Si certains avaient quitté l'Iran légalement, la grande majorité d'entre eux avaient enduré la rudesse et bravé les dangers d'un voyage clandestin à dos de mulet à travers les montagnes du Kurdistan et de la Turquie. Une fois requinqués par la cuisine de ma mère et par les rasades de vodka que leur servait mon père, ils se mettaient à nous narrer toutes les péripéties de leur terrible odyssée.
Le meilleur des jours de Yassaman Montazami - Éditions Sabine Wespeiser - 144 pages
Commentaires
dimanche 17 février 2013 à 10h20
J'ai hâte de me plonger dans cette histoire.
dimanche 17 février 2013 à 11h15
jolie découverte en perspective:)
dimanche 17 février 2013 à 19h13
J'avais été tentée de l'acheter, ça ne saurait tarder maintenant!
mardi 19 février 2013 à 21h23
Marimile : ce livre est en vente dans toutes les bonnes librairies indépendantes ...
... et je t'en recommande une à Avignon -)
mercredi 20 février 2013 à 09h06
Alice-Ange, c'est fait!
dimanche 7 avril 2013 à 11h07
Je viens de le lire d'une traite
Très bel hommage à son Père, mais aussi un portrait de cet Iran que l'on connait qu'à travers les clichés des ayatollahs..
mardi 4 juin 2013 à 10h18
C'est marrant. Nous sommes unanimes sur ce livre plutôt beau mais dont ne retient rien.
Comme Yohan, j'ai dû relire la chronique pour me remémorer l'histoire afin de le mettre dans mon classement. C'est fou d'arriver à écrire un livre aussi évanescent... C'est presque dommage d'ailleurs, car l'autre point commun entre nos ressentis est bien la qualité d'écriture.
mardi 4 juin 2013 à 19h31
Lecture en demi-teinte pour moi.
Un extrait de mon billet de blog.
''J'ai apprécié ce livre pour ce qu'il montre de l'Iran. La révolution islamique en littérature, je l'ai découverte avec Marjane Satrapi et son roman graphique, Persepolis. L'auteure racontait son histoire et celle de ses proches en plein cœur du bouleversement qui marqua le pays. Dans son texte, Yassaman Montazami insiste bien sur la honte, voire sur la douleur paradoxale que ressentait son père de ne pas avoir souffert du changement de régime. Même en prenant fait et cause contre la dictature islamique, Behrouz n'a pas été un martyr de la révolution islamique et c'est peut-être la pire souffrance qu'il pouvait endurer, lui qui ne vivait que pour ses idées.

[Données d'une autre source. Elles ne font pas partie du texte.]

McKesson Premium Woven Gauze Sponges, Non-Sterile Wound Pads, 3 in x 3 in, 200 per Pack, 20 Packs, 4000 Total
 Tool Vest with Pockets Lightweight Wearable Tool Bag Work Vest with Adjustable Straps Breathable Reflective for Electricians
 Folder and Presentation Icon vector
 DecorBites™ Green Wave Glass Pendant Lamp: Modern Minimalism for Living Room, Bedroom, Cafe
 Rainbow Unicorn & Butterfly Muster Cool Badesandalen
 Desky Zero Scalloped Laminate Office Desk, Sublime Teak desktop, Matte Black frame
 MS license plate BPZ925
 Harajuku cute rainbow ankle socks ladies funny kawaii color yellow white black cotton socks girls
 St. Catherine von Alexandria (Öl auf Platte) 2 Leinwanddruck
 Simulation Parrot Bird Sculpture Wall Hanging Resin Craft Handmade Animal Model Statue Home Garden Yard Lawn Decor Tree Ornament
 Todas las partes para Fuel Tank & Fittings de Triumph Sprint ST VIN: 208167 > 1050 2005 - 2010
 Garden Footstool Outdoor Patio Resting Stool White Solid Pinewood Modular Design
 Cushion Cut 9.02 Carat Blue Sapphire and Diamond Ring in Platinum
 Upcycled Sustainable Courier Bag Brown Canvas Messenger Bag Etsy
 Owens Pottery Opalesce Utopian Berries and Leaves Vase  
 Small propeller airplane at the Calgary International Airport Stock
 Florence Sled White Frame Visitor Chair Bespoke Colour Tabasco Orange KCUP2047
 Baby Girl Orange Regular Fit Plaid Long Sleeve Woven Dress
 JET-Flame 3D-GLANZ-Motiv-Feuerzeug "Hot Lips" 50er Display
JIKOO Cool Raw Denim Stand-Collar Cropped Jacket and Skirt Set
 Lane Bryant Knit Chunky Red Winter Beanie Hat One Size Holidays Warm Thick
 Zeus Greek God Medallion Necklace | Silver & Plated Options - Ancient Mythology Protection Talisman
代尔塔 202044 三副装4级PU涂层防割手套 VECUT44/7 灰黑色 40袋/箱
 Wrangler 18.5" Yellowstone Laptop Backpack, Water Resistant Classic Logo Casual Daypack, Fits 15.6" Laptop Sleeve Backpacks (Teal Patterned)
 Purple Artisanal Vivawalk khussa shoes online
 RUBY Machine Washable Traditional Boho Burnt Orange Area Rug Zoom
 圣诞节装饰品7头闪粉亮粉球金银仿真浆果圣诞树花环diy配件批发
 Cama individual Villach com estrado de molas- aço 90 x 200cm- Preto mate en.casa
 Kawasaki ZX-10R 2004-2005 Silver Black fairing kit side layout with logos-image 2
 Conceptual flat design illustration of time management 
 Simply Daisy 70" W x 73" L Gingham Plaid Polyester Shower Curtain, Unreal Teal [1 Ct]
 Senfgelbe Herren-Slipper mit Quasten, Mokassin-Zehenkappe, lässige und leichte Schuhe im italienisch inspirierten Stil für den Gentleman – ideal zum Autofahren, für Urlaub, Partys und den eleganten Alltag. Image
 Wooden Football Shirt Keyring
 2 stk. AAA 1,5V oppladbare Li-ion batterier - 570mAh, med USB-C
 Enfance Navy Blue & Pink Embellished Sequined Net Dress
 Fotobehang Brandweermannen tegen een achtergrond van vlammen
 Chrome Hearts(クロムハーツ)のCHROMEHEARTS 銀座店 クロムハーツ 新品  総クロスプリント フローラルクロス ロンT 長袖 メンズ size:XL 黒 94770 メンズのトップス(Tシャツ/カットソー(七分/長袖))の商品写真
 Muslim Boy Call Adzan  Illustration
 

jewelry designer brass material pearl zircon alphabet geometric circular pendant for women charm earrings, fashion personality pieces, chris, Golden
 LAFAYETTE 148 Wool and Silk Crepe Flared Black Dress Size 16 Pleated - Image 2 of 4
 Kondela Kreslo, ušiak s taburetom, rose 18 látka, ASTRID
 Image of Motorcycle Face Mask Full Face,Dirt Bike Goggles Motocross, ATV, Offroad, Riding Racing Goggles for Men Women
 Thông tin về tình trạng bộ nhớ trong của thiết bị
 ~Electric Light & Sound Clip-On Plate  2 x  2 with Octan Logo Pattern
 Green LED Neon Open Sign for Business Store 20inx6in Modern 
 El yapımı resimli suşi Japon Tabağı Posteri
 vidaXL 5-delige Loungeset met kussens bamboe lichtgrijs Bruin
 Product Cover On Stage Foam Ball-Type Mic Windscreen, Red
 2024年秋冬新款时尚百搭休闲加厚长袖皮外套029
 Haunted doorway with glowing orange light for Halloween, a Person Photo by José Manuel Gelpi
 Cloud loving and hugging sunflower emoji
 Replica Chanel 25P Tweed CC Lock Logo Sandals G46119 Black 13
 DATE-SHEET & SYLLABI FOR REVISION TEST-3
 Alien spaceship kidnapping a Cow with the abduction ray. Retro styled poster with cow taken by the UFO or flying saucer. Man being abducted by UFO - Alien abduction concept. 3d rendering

Voici donc une lecture en demi-teinte qui ne m'a pas vraiment émue, mais dont j'ai apprécié les réflexions. Et même si Yassaman Montazami n'a pas su me toucher en parlant de son père, elle a su me rappeler – bien que je ne puisse jamais l'oublier – à quel point j'aime le mien. D'un hommage au père à un autre, finalement, le meilleur des jours est toujours celui où je vois et j'entends mon papa''.